I loro organi di informazione martellano continuamente sul superamento dell’arnese partito. Si adoperano affinché i lavoratori, dal marciume riemerso dopo Tangentopoli, nella “classe politica” della Seconda Repubblica, traggano la conclusione che il partito sia di per sé sede di corruzione. Eppure tessono pazientemente le fila per dotarsi di un loro partito e affinché i lavoratori lo sostengano.

Note

(1) In questo senso, i grandi poteri capitalistici tengono sotto particolare osservazione la Francia, l'unico paese scrivono le note delle istituzioni europee e del loro centri studi, ad avere un mercato del lavoro ancora troppo rigido, uno stato sociale troppo ampio, un apparato statale troppo preoccupato di difendere le rendite di posizione delle singole imprese francesi e una popolazione ancora presuntuosamente convinta di potercela fare da sola. "Finora, scrive The Economist del 17 novembre 2012, gli investitori sono stati indulgenti verso la Francia, ma non si possono sfidare le compatibilità capitalistiche troppo a lungo. Se Holland no cambierà registro, nel 2013 alla Francia accadrà qualcosa di simile a quello che è accaduto a Berlusconi" (torna alla nota 1)

(2) Effettivamente negli ultimi due anni i passi fatti verso la formazione di un'unica regia monetaria e finanziaria europea non sono stati bruscolini. Non siamo ancora agli eurobond, è vero, per i quali (secondo una coerente logica capitalistica) occorre prima omogeneizzare i regimi fiscali e il livelli di competitività della varie zone della Ue, ma la Bce ha già iniziato a svolgere alcune funzioni simili a quelle assegnate al Federal Reserve statunitense. Ad esempio, dal 2010 la Bce ha acquistato sul mercato secondario i titoli di stato dei paesi più indebitati. Nell'estate 2012 ha emesso liquidità per 1000 miliardi per finanziare il sistema bancario continentale e scongiurare, come aveva fatto il Tesoro statunitense il 2008, il credit crunch a seguito dei vuoti apertisi nella banche spagnole. Nell'autunno 2012 è, infine, entrato in funzione l'Efsf, che, a differenza dell'Esm, non si finanzia con l'emissione di obbligazioni ma con quote direttamente versate dagli stati membri. (torna alla nota 2)
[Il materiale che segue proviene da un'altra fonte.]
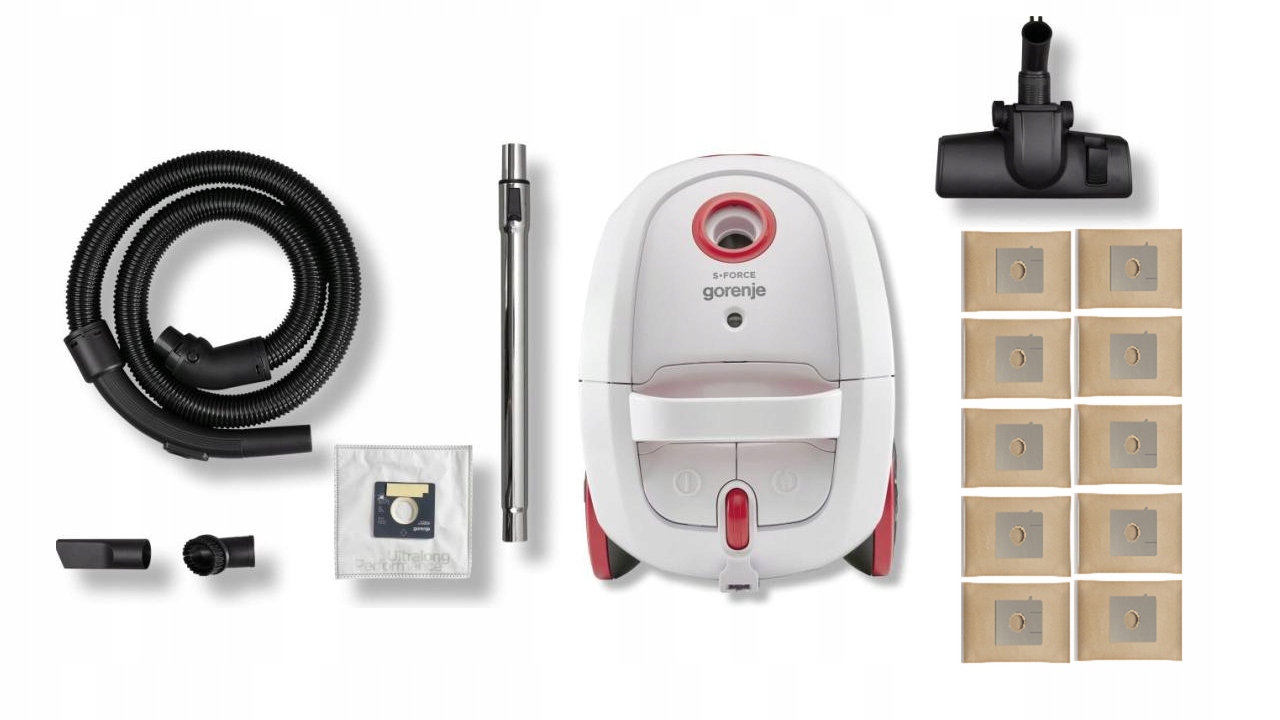 Odkurzacz workowy z regulacją Gorenje VCE21SFWR 850W Filtr Hepa 10 worków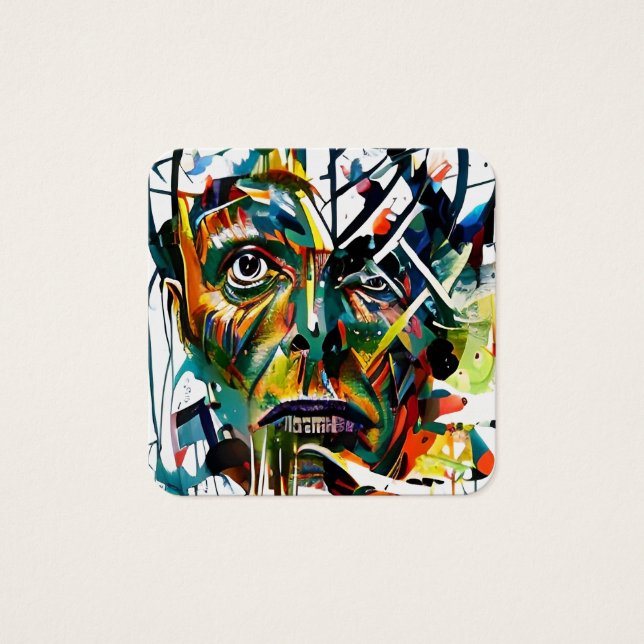 Abstrato de uma alienígena (Frente)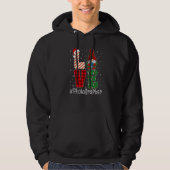 Photographer LOVE Gnome Funny Matching Pajama Chri Hoodie (Voorkant)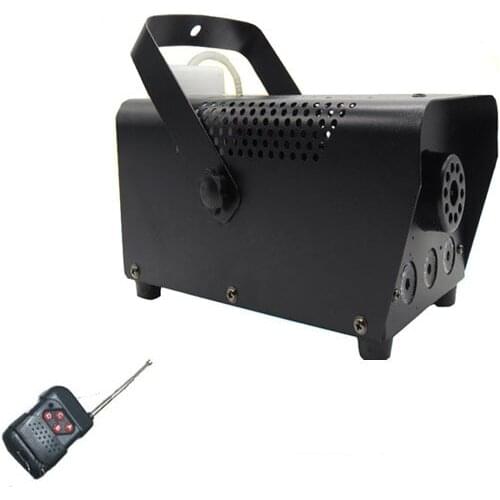 Hot Sell Mini 500W LED Smoke Machine with Wireless Remote control Red Green Blue colorful car fog machine DJ equipment fogger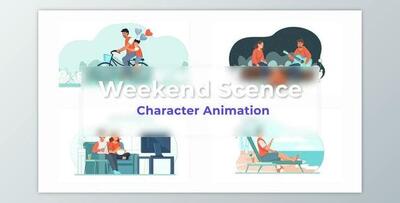 Weekend Explainer And Animation Scene (Videohive 36863896) - AE Project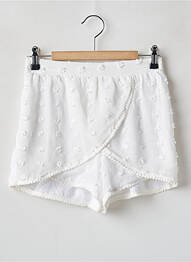 Fustă pantaloni scurți croială fluidă alb TEDDY SMITH fată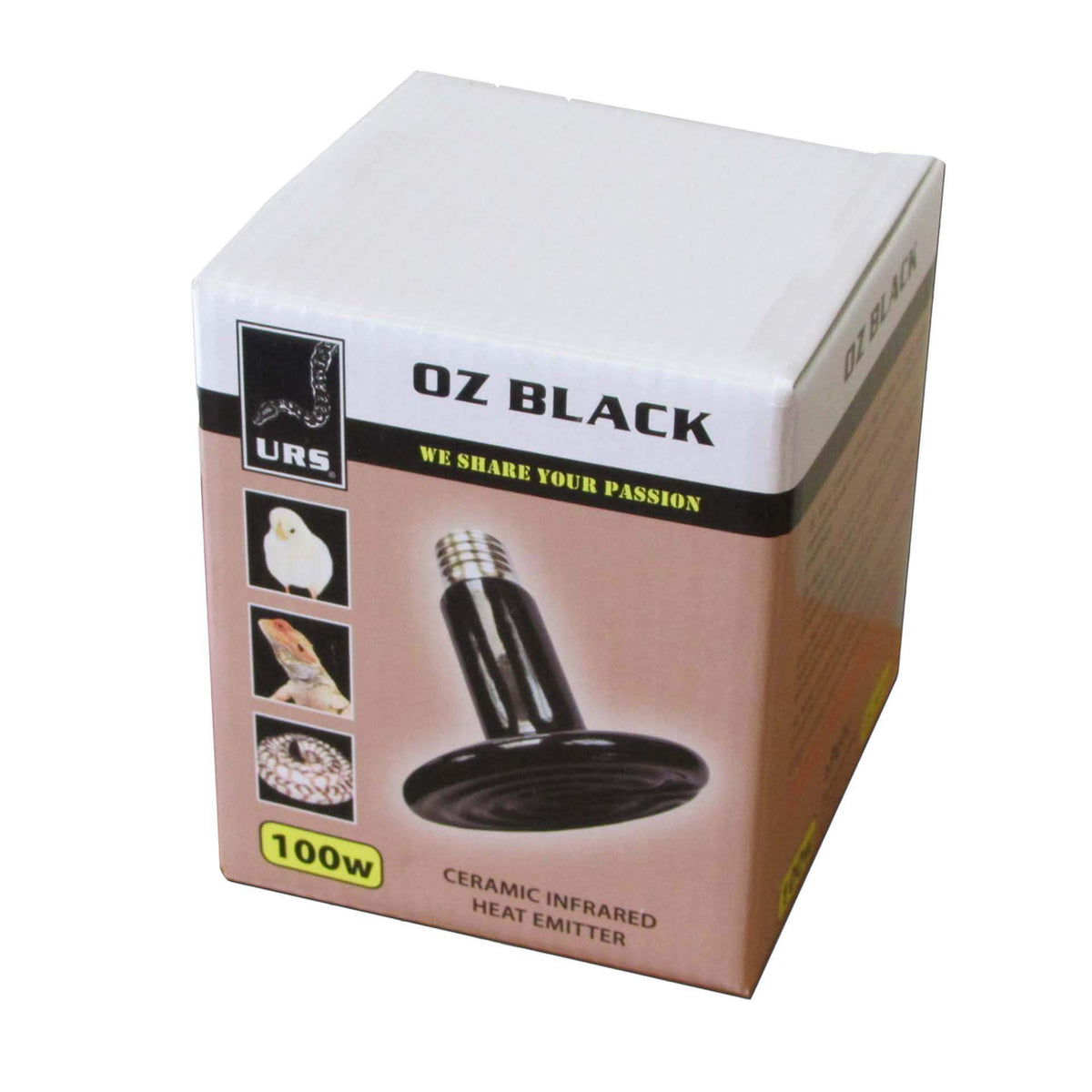 URS Oz Black Ceramic 100w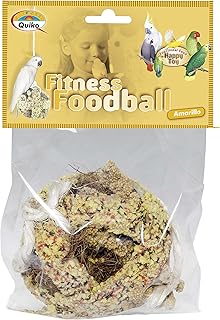Quiko Fitness Foodball Amarillo 100g – Snack und Spielspaß für alle Ziervögel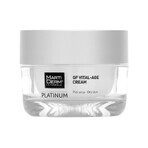 Set gratuit cu MartiDerm Platinum GF Vital Age Cream, cremă pentru piele uscată, 50 ml + Night Renew, stimulent de noapte, 2 ml x 5 fiole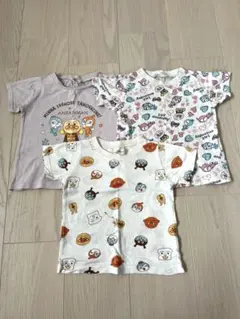 アンパンマン Tシャツ 90サイズ 女の子 夏服 保育園 3枚セット まとめ売り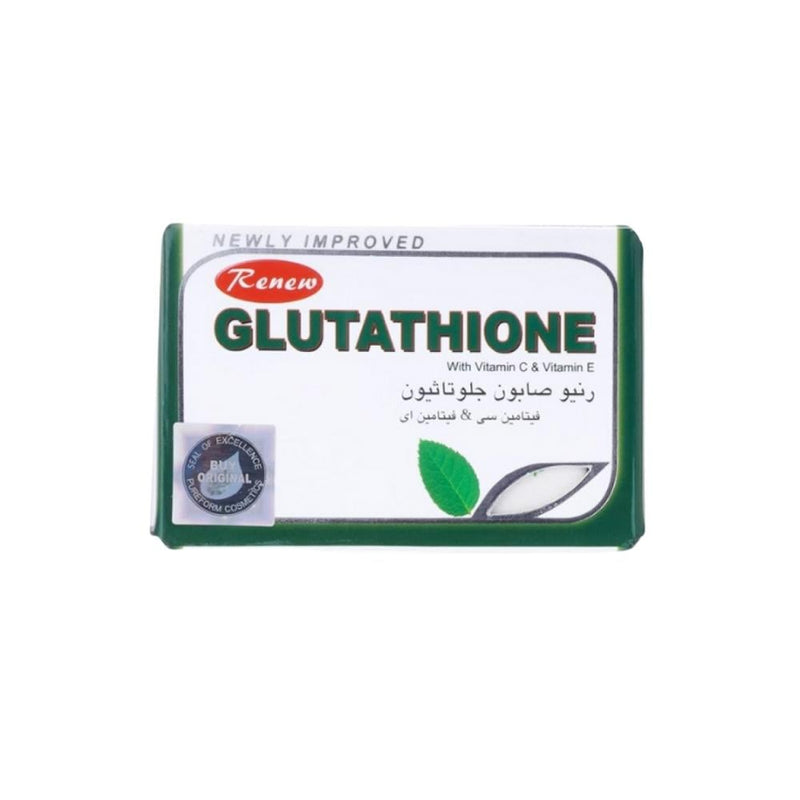 Renew Skin Whitening Soap with Glutathione for Deep Cleansing, 135g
(3) Si veda il dossier "Dove va l'Italia?" pubblicato sul n.29 del che fare (Gennaio 1994) e consultabile sul nostro sito. Sulla recente evoluzione della crisi italiana si vedano anche: "A passo di carica verso una repubblica democratica più potentemente anti-proletaria della pirma" (che fare, n.26 febbraio 1993); "L'Italia dalla II alla III repubblica: per i lavoratori, di male in peggio" (che fare, n.63 dicembre 2007); "Fini, Casini, Montezemolo mirao a rilanciare l'azienda Italia. Il loro indirizzo salverà l'Italia? Non è detto. Di sicuro affosserà il lavoro salariato" (che fare, n.73 dicembre 2010); No alla cura Bce-Ue-Monti. Non è vero che non ci siano alternative" (che fare, n.75 dicembre 2011); "il vecchio compromesso sociale europeo sta saltando" (che fare, n.76 giugno 2012). (torna alla nota 3)

(4) Il comune orizzonte programmatico del partito democratico con il blocco liberal-moderato-cattolico di Montezemolo è attestato anche dai riferimenti ideali espressi da Bersani e Vendola nella loro campagna per le primarie. Chi hanno scelto? Papa Giovanni XXIII e il cardinale Martini.